EFFICIENT DISSEMINATION OF INFORMATION
(Professors Mark Goldberg and Malik Magdon-Ismail)
Information is spreading in the Blogosphere in a non-uniform way:
the clusters are the parts of the Blogospace where the communications
are more intense or more isolated than the average. Our programs for
clustering discover and update the clusters in an efficient way; we
use clusters for a number of purposes.
Clusters can also be used for the efficient dissemination of information
as the following idea suggests: define a graph G whose nodes represent
the clusters, and the intersections represent edges; the size of the
intersection can be used as the weight of the edge.
If the number K of places where the information will be planted is fixed,
the problem is to select K clusters so that the maximum distance (i.e.
weighted length) in G from any cluster to some of the selected ones is
as small as possible.
FINDING HIDDEN GROUPS IN A MESSAGE STREAM
(Professors Mark Goldberg and Malik Magdon-Ismail)
Our software system SIGHTS contains programs for discovering hidden groups
of users in a social network. We developed and implemented in two
communication models: the cycle model, in which a communication time cycle
of the group is used to aggregate communications to generate a sequence
of communication graphs
Our algorithms for the stream model, in which the communications are
streaming and a cycle assumption is not assumed simultaneously identify
the hierarchical organization structure within the hidden groups, in
addition to evolution based on moving windows.
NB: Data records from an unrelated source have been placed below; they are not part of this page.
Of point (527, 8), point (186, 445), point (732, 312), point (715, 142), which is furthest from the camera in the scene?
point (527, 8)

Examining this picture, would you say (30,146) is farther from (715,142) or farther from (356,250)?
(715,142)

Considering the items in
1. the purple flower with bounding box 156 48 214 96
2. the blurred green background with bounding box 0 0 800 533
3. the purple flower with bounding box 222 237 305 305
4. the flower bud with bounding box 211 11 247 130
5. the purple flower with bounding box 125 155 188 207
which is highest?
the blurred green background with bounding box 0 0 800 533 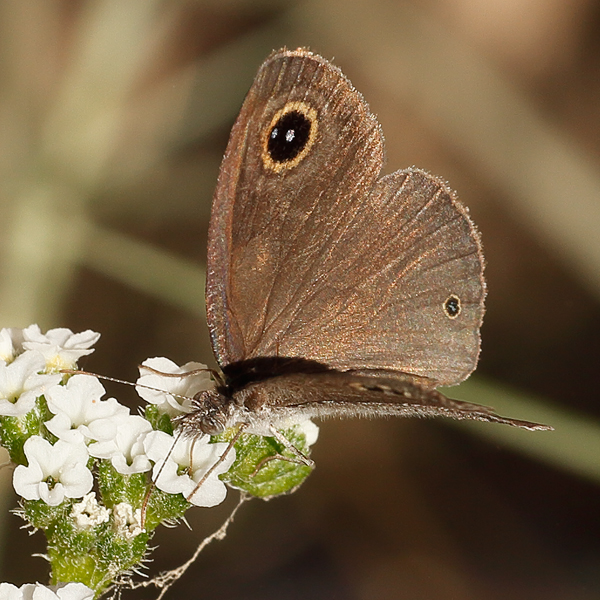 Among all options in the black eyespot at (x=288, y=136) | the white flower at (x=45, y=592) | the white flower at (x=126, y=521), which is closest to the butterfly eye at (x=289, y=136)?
the black eyespot at (x=288, y=136)

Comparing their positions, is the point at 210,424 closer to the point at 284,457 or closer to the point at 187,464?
the point at 187,464

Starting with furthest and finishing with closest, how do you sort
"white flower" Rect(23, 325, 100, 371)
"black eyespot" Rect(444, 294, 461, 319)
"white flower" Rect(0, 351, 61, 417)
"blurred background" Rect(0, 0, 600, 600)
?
"blurred background" Rect(0, 0, 600, 600) < "black eyespot" Rect(444, 294, 461, 319) < "white flower" Rect(23, 325, 100, 371) < "white flower" Rect(0, 351, 61, 417)

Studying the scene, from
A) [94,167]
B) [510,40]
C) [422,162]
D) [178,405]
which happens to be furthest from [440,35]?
[178,405]

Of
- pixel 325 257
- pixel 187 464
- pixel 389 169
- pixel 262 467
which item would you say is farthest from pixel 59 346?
pixel 389 169

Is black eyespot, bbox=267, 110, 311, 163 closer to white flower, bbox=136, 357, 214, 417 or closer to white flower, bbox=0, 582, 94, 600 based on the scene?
white flower, bbox=136, 357, 214, 417

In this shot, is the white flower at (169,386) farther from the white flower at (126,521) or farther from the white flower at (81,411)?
the white flower at (126,521)

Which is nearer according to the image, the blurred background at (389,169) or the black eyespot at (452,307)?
the black eyespot at (452,307)

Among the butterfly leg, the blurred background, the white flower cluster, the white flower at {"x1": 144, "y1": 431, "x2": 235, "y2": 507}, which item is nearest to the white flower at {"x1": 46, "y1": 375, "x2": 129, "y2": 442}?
the white flower cluster
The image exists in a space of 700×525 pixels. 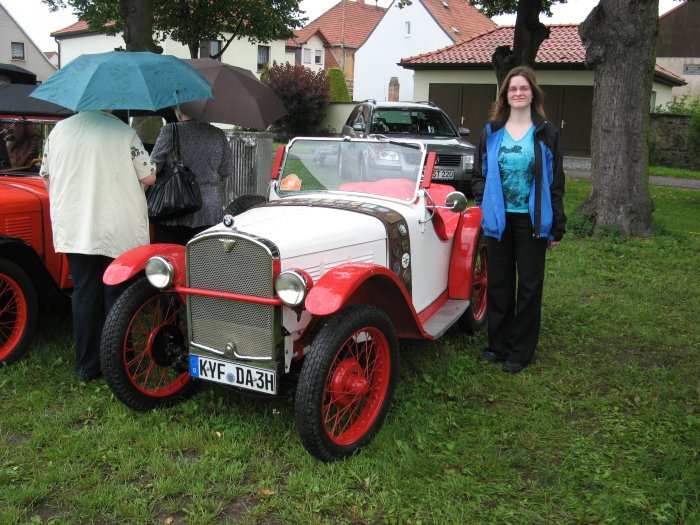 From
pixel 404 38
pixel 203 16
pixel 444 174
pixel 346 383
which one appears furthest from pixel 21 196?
pixel 404 38

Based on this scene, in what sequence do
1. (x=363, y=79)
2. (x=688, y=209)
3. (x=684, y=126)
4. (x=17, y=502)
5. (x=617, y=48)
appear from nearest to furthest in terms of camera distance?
(x=17, y=502) → (x=617, y=48) → (x=688, y=209) → (x=684, y=126) → (x=363, y=79)

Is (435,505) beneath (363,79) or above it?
beneath

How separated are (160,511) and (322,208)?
198cm

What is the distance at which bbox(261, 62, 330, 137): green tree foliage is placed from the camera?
2886cm

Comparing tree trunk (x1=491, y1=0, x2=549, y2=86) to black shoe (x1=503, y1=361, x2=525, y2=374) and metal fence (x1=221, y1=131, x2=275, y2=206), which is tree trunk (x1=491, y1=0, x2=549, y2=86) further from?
black shoe (x1=503, y1=361, x2=525, y2=374)

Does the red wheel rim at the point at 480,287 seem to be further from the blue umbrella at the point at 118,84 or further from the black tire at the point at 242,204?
the blue umbrella at the point at 118,84

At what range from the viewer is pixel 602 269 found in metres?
7.48

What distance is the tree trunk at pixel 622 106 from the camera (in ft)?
28.2

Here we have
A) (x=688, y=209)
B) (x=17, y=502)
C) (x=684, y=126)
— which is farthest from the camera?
(x=684, y=126)

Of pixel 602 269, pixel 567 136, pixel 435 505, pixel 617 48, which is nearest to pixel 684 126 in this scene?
pixel 567 136

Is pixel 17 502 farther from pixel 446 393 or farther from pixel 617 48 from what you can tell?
pixel 617 48

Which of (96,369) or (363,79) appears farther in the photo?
(363,79)

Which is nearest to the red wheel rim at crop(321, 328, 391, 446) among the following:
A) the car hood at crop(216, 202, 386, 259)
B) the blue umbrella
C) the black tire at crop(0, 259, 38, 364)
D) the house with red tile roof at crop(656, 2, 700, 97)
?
the car hood at crop(216, 202, 386, 259)

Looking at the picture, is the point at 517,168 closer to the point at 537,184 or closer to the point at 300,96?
the point at 537,184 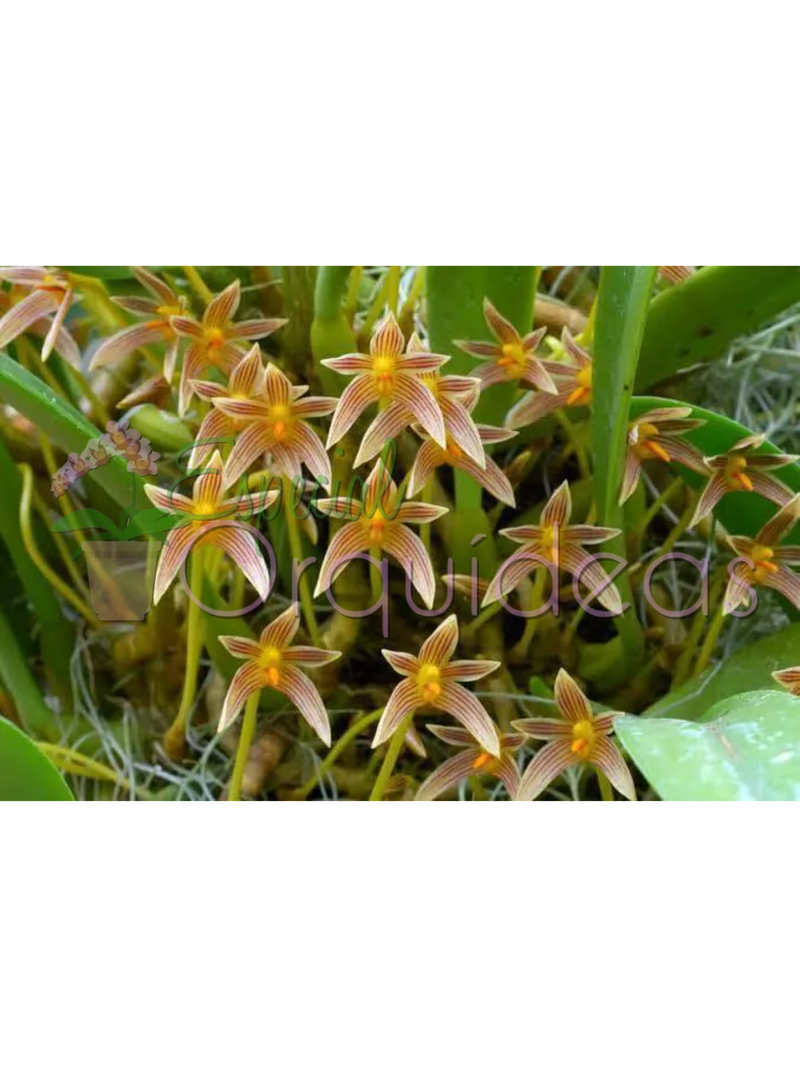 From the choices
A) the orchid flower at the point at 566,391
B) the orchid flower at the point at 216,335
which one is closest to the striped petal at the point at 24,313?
the orchid flower at the point at 216,335

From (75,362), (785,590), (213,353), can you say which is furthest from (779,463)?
(75,362)

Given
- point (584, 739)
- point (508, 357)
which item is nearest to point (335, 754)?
point (584, 739)

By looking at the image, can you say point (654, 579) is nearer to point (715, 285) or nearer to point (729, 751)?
point (715, 285)

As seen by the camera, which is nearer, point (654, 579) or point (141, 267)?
point (141, 267)

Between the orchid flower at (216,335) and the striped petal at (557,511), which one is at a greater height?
the orchid flower at (216,335)

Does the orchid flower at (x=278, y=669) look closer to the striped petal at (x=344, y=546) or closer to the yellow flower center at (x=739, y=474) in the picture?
the striped petal at (x=344, y=546)

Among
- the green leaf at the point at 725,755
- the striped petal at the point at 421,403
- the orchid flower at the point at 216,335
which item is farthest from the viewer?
the orchid flower at the point at 216,335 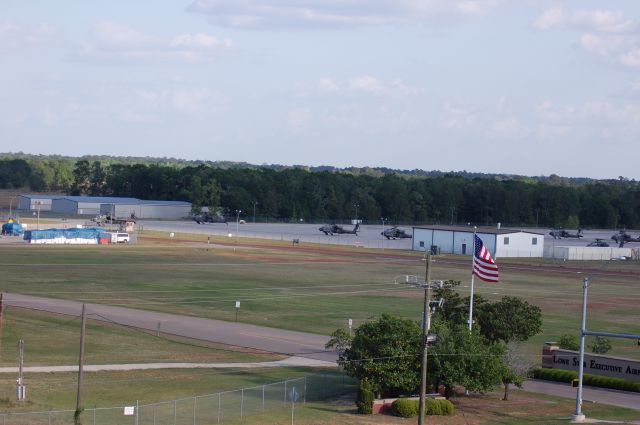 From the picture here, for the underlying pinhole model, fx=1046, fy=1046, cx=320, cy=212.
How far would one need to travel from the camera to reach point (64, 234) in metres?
135

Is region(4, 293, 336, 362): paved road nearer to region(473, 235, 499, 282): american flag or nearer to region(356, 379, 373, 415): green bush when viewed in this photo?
region(473, 235, 499, 282): american flag

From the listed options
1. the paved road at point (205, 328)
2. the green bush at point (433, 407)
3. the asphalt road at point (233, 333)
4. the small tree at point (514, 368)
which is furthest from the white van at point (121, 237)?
the green bush at point (433, 407)

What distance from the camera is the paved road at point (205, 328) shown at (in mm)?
62072

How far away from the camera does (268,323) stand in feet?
236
Another approach to the problem of discovering hidden groups,
applicable to chatrooms, is based on discovering time-correlations
of the activities (times of postings) of the members of a group.
SECURITY GROUP
Computer Science Department
Rensselaer Polytechnic Institute
Mark Goldberg, Mukkai Krishnamoorthy, Malik Magdon-Ismail
Boleslaw Szymanski, Bulent Yener, Wei Zhao
Researchers in the security group focus on security problems at the
systems level including discovery hidden networks in social networks;
network camouflaging; and privacy protection in data ming systems.
Specific project include:
(1) author identification; machine learning techniques for
imbalance classification; and use of reputation for computer security,
headed by Bolek Szymanski, Claire and Roland Schmitt Distinguished Professor;
(2) key generation and authentication algorithms for wireless ad-hoc networks;
and metrics and architectures for anonymous communications
headed by Professor Bulent Yener;
(3) modeling of the interactions as an evolution graph;
headed by Professor Krishnamoorthy;
(4) algorithms for analyzing the information flow in virtual social networks;
model of the blogosphere; detecting infectious ideas in the blogosphere;
efficient dissemination of information; finding hidden groups in a message
stream, heqaded by Professors Mark Goldberg and Malik Magdon-Ismail.